# please! Zombie animated fogger help



## Dlombo (Oct 4, 2012)

Hi guys recently joined forum , looks great do far!

I am in process of setting up my Gaseous Zombie Fogger Animated Prop. I just purchased the walmart Gremmy "the fog machine" with remote, which was advised its compatible. The zombie is coming Monday FedEx, so without seeing to review specs on my own , I took the walmart employees word and paid 30.00 for the machine. I've been searching all over the Internet for a clearer understanding if whether or not the machine is compatible to work with the animated prop. Needless to say I found nothing pertaining to installing hoses , adapters or connectors to the Gemmy 400w machine.

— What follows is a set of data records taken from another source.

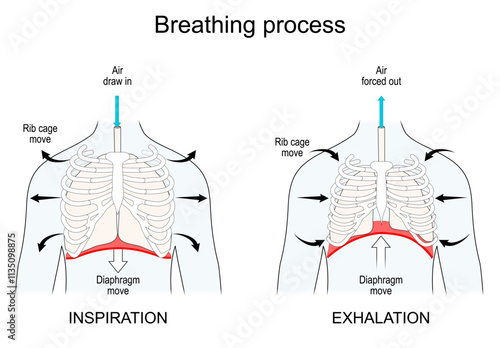 Breathing. Lungs and Diaphragm functions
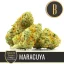 Blimburn Seeds Semi di Cannabis Maracuya di Nikki Swami's Femminizzati
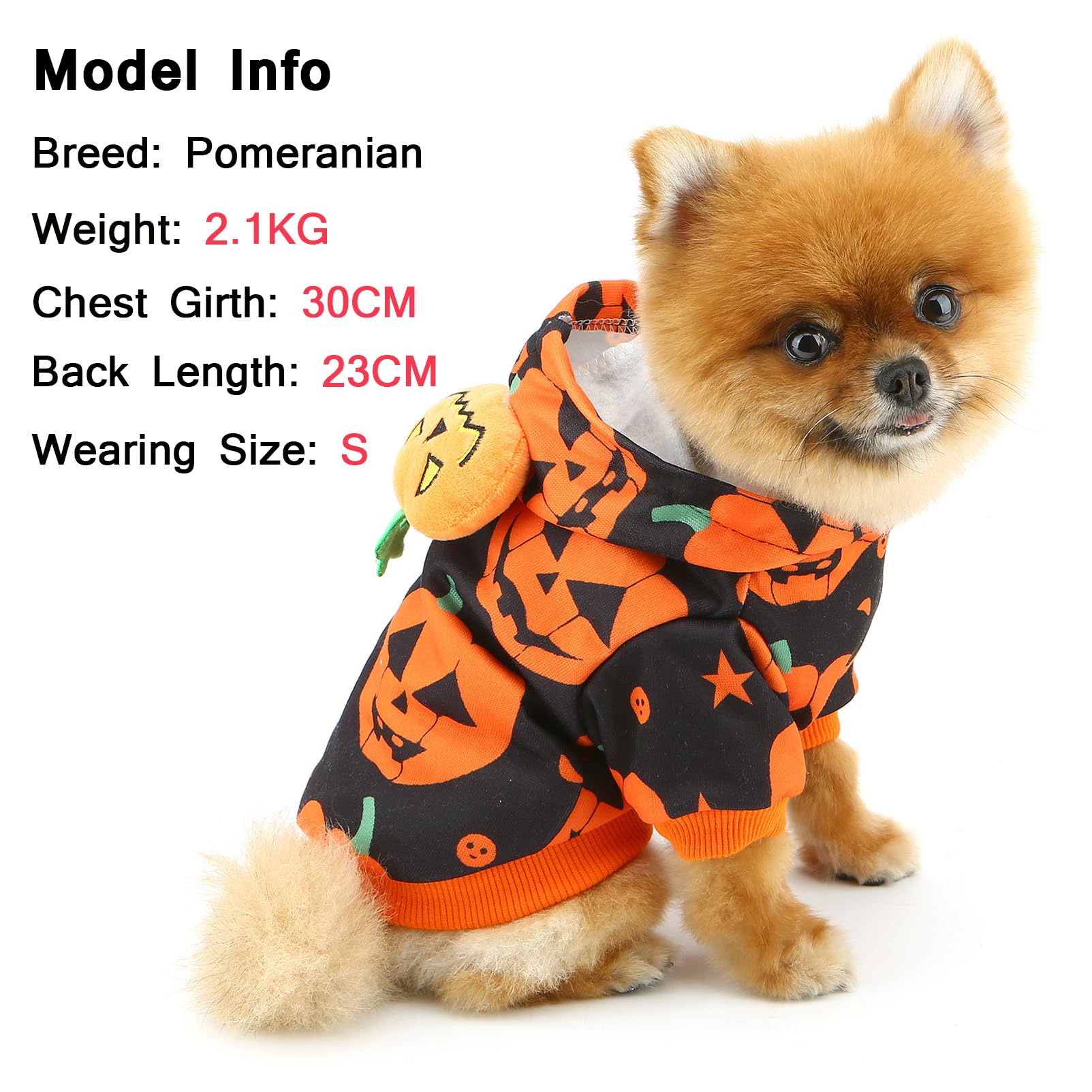 SMALLLEE_LUCKY_STORE Fleece Lined Dog Halloween Costumes Puppy Hoodies Pumpkin Pet Sweater for Small Dog with Pumpkin Decoration Warm Fall Winter Holidays Cosplay Party Cat Pullover - Image 2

I really need your input to conclude my Halloween display! This is what I have please let me know if this will or won't work together. Also if not, what is suggested to be used with the zombie prop?

Zombie:





Fog machine: 
http://m.target.com/p/gemmy-fog-machine-400w-mini-silver/-/A-14077960

Will these work?
Thanks!

Dan


----------



## niblique71 (Dec 2, 2009)

I looked at both videos and you should be perfectly fine.


----------



## SuperCreep31 (Nov 22, 2009)

agreed


----------



## Brad Green (Jul 29, 2004)

It's the exact same setup I used last year with no problems. Same zombie, same Walmart fogger. Actually, ANY fogger will work with the zombie, the head moves side to side by use of an internal motor. All the fogger does is blow through a hose attached to the head from the back of the unit. I think the only problem might be a larger fogger produces more heat at the nozzle and may melt the hose attachment. As an aside, I really like the prop, but it is built pretty flimsy and could probably use a little help with some aluminum reinforcement.


----------